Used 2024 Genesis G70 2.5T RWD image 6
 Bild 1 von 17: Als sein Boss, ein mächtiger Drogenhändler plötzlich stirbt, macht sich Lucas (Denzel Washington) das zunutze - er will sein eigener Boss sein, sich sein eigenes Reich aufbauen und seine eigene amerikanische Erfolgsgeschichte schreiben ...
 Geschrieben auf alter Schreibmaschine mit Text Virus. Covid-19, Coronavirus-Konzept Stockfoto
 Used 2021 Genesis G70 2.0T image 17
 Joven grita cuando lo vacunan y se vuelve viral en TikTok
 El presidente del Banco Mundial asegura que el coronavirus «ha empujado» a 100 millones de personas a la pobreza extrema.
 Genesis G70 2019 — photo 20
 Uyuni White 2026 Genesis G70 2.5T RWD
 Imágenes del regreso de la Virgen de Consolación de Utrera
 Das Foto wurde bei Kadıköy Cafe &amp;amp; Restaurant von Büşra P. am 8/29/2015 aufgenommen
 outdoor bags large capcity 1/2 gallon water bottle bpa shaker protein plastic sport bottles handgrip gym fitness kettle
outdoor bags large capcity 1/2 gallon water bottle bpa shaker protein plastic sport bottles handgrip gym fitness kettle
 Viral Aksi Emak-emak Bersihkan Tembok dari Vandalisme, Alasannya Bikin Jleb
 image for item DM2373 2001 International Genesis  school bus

◆ WORK TO COMPLETE: All lines above with the word "sport" need to be reported.

◆ OUTPUT OF THE TASK:
 outdoor bags large capcity 1/2 gallon water bottle bpa shaker protein plastic sport bottles handgrip gym fitness kettle
outdoor bags large capcity 1/2 gallon water bottle bpa shaker protein plastic sport bottles handgrip gym fitness kettle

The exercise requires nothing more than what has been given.